Petrie had no formal education, but became interested in Egypt after reading a book about the Great Pyramid when he was thirteen. He first went to
Egypt to survey the pyramids in 1880.
Petrie excavated in Egypt for the Egypt Exploration Fund (EEF) from 1884 to 1886, but felt he needed more independence. In 1894, he founded his own
archaeological body, the Egyptian Research Account, which later became the British School of Archaeology in Egypt. Later, Petrie rejoined the EEF and
excavated for them between 1896 and 1905. In 1892 he was appointed as Edwards professor at University College London, the first person to hold a chair
in Egyptology in Britain. He later abandoned Egypt to work on Hyksos sites in Palestine and Gaza. Flinders Petrie died in Jerusalem in 1942.
Petrie's methods were revolutionary for his time. He placed great emphasis on the observation of everything found, and the typological study of all
objects. He probably made more major discoveries than any other archaeologist, and his vast collection of antiquities is now at the Petrie Museum,
London. Petrie published over a thousand books, articles and
He investigated the Great Pyramid and developed dating techniques, especially, "Sequence Dating," which he first used in Palestine, and is still
used by archaeologists. Petrie used potsherds previously discarded as rubbish to help with dating. By means of potsherds Petrie identified two Greek
cities in the Nile Delta, Naukcratis and Daphne. He made other important Egyptian discoveries, including royal tombs of the first dynasty at Abydos,
the palace of Akhenaten at Tell el-Amarna, Roman period mummies, and a Middle Kingdom town.
Petrie was not the first excavator in Egypt. But he was
severely critical of the shoddy work done by his predecessors. He wrote, "Nothing seems to be done with any uniform or regular plan, work is begun
and left unfinished; no regard is paid to future requirements of exploration, and no civilized or labor saving devices are used. It is sickening to
see the rate at which everything is being destroyed and the little regard paid to preservation."
Full in depth article on William Flinders
Books by Petrie:The Pyramids and Temples of Gizeh www.ronaldbirdsall.com...

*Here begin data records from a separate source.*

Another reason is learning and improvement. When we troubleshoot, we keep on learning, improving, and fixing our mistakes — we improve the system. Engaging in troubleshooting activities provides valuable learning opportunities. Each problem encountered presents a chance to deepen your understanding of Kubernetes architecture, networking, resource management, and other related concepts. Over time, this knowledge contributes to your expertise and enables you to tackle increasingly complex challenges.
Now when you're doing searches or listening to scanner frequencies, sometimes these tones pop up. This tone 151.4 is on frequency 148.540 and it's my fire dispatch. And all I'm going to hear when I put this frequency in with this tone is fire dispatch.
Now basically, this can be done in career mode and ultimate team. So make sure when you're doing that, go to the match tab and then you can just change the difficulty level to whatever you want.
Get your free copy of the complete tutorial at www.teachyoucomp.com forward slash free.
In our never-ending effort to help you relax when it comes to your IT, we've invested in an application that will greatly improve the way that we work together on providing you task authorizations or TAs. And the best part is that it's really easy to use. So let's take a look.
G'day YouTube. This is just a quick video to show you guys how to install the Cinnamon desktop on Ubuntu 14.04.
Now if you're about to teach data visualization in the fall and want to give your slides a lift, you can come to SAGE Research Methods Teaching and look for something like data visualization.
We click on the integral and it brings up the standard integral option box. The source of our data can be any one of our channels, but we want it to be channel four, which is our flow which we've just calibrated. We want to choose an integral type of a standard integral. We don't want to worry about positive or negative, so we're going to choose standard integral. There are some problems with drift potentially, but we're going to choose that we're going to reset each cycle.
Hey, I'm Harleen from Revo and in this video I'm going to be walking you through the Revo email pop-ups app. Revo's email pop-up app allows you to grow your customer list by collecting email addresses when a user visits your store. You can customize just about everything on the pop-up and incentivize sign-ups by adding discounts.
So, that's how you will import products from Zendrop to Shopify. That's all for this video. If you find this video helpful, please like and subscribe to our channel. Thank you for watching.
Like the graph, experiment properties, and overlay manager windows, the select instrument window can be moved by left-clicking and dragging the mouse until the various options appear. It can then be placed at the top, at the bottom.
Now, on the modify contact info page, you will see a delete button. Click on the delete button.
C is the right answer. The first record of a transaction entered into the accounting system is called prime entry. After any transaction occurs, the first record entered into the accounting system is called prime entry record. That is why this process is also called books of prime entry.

Links for his other books(full versions)
Now on to the stone vases he found. In 1880 Sir William Flinders Petrie realized that only lathe-turning could have produced the symmetry and balance
he found on thousands of bowls and vases at Gizeh and Saqqara.Source:www.ehow.com...
For example, a bowl-maker attained curves of "exact circularity" by rotating the bowl around a fixed blade, and formed a lip by shifting the
centring of the bowl. Another round-bottomed vase had walls of such uniform thickness that it balanced perfectly on a curved base like the tip of an
egg. In 1995 Christopher Dunn, a machining technologist, concluded from the tool marks on sarcophagus lids that only machine-lathing could have
achieved such precision and gloss, especially on hard stones such as granite and slate.
How Lathes Work
Lathes have been used throughout history for shaping wood, metal or stone.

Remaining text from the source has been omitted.